They also need to make better decisions. They are completely disconnected with their fans and only interested in the quick buck.

I also hated how they screwed up the save system in Resident Evil: The Mercenaries. Seriously capcom? What are you thinking?


----------



## ShadowSoldier (Sep 12, 2013)

FAST6191 said:


> Is this like the boycotts, the petitions, the "activism", the polls and other such things?


 
No man, all they have to do is just listen to their fans.

Look at Keiji Inafune and his team with Mighty No.9. Fans begged for a PS4/Xbox One/WiiU release. So what do they do? "If we reach that goal we'll do it!" And look how much money that Kickstarter has made. They're already well above their expected goal. Why? Because they listened to the fans.


----------



## shakirmoledina (Sep 12, 2013)

maybe microsoft should buy them too and develop megaman for the xbox one


----------



## Bladexdsl (Sep 12, 2013)

that's plenty for them to make some games we actually want


----------



## FAST6191 (Sep 12, 2013)

ShadowSoldier said:


> No man, all they have to do is just listen to their fans.
> 
> Look at Keiji Inafune and his team with Mighty No.9. Fans begged for a PS4/Xbox One/WiiU release. So what do they do? "If we reach that goal we'll do it!" And look how much money that Kickstarter has made. They're already well above their expected goal. Why? Because they listened to the fans.



Sadly, or perhaps thankfully, I am a cynic so I can not make that logical leap and having witnessed nostalgia driven funding happen before, mainly as it seems to be Kickstarter and co's forte, and given megaman's rabid, nostalgic fanbase I am not even inclined to make that logical leap.


----------



## Clydefrosch (Sep 12, 2013)

shakirmoledina said:


> maybe microsoft should buy them too and develop megaman for the xbox one


 
i want megaman nuts and bolts now...


----------



## Hero-Link (Sep 12, 2013)

raulpica said:


> All the hardcore Megaman fans have already thrown all their money at Mighty No. 9.


 
you know... soon inafume might have more money than capcom at this donation speed hahahah

irrealist speaking obviously.


----------



## LockeCole_101629 (Sep 12, 2013)

I like their art for their games most of time, but... the only IP that I enjoy the must from them is Breath of Fire series (and squaresoft still publisher?)
I love BoF 1,2,3,4, but I don't understand what the hell is BoF V is about.

Now... I've just look up on wikipedia they doing BoF 6...
but idk... probably they already gone bankrupt by then.
for fighting genre, Rival Schools probably is the only fighting game that I play the most, since it also has a Simulation for each character.
and puzzle... Super Puzzle Fighter II

Megaman? I'm sorry... I just don't like it.
they way I see it, Street Fighter is their most popular IP, and Marvel is about the same, combine them together seems do the work, and now they combine everything, starting SNK and the last one Tekken?

they way I see it, it just mash up button game (I know it isn't) I've seen high lvl player on arcade back in 1997 (or 1999?), and goes through with 100+ combo with wolverine + spiderman

it's UBER awesome.

their recent IP? I only knew Phoenix Wright series.

but... 152million is still a lot of money right? how much a big publisher/developer should have funds in their bank? 1 Billion ?


----------



## jacksprat1990 (Sep 12, 2013)

They don't really have any talent anymore and the guys in charge don't have a clue. It seems like Capcom are going to struggle to survive. I would be sad to see them go but the Capcom we know today just aren't good enough.



LockeCole_101629 said:


> but... 152million is still a lot of money right?


 
In terms of how much games cost nowadays, they're going to struggle.


----------



## FAST6191 (Sep 12, 2013)

LockeCole_101629 said:


> but... 152million is still a lot of money right? how much a big publisher/developer should have funds in their bank? 1 Billion ?

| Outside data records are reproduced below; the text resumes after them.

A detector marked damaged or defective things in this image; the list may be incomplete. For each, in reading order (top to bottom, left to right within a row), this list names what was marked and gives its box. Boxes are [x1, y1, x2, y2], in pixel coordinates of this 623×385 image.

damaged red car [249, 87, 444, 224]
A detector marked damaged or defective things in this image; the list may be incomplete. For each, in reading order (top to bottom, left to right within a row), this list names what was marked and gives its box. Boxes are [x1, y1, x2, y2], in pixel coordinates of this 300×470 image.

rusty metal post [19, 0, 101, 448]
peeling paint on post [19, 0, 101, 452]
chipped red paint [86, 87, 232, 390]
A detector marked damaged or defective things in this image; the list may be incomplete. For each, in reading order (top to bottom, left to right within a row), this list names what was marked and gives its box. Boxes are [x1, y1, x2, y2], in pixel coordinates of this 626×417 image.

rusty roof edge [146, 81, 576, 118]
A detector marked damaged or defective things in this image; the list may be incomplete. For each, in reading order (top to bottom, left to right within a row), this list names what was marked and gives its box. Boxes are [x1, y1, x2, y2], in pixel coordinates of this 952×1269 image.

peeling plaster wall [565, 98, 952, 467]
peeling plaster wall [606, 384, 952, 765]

Again ignoring their potential liabilities the money in the bank/liquid assets means less than many might think, this is compared to what they might be able to take out a loan against (about the only times your credit rating matters if is you are American or if you are in business and it is for this reason), lease out to someone (and as others have said they have a lot of IP they can leverage or even parcel up -- they might have no interest in making a megaman MMO but you can bet if they floated the option there would be interest from somewhere) or other such things.


----------



## Maplemage (Sep 12, 2013)

RELEASE EVERY JAP MONSTER HUNTER VERSION THEN WIN.


----------



## Bladexdsl (Sep 12, 2013)

Clydefrosch said:


> i want megaman nuts and bolts now...


don't fucking scare me like that!


----------



## FAST6191 (Sep 12, 2013)

Maplemage said:


> RELEASE EVERY JAP MONSTER HUNTER VERSION THEN WIN.

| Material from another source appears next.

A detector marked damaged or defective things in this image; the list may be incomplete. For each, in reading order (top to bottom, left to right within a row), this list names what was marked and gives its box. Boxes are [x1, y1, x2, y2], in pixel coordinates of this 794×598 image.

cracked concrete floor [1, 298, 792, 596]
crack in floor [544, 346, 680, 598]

So a game with a relatively small fanbase and not much chance of expansion to release every iteration of a game that is arguably the embodiment of the "rerelease with small tweaks" mentality.... where is my stockbroker I think we are onto a winner.


----------



## Maplemage (Sep 12, 2013)

FAST6191 said:


> So a game with a relatively small fanbase and not much chance of expansion to release every iteration of a game that is arguably the embodiment of the "rerelease with small tweaks" mentality.... where is my stockbroker I think we are onto a winner.


 
I am a winner


----------



## darkreaperofdrea (Sep 12, 2013)

I just want them to finish the Resident Evil saga
And that's it lol


----------



## Rayder (Sep 12, 2013)

Greed biting them in the ass, is it? I can honestly say that I feel no sympathy for any struggling video game company anymore. Half-games with all that extra DLC to complete them, Forced logins for single-player games. Failure to produce games that they KNOW people want. Install limits, digital distribution (with no option for a retail purchase) and all the other anti-consumer crap the industry pulls these days.......and they can't figure out why they are failing. They deserve to fail. The whole freakin' industry deserves to fail. All the current tactics and strategies for selling games have done for me is to cause me to no longer bother buying new games. The industry is bringing about their own failure. It's only a matter of time.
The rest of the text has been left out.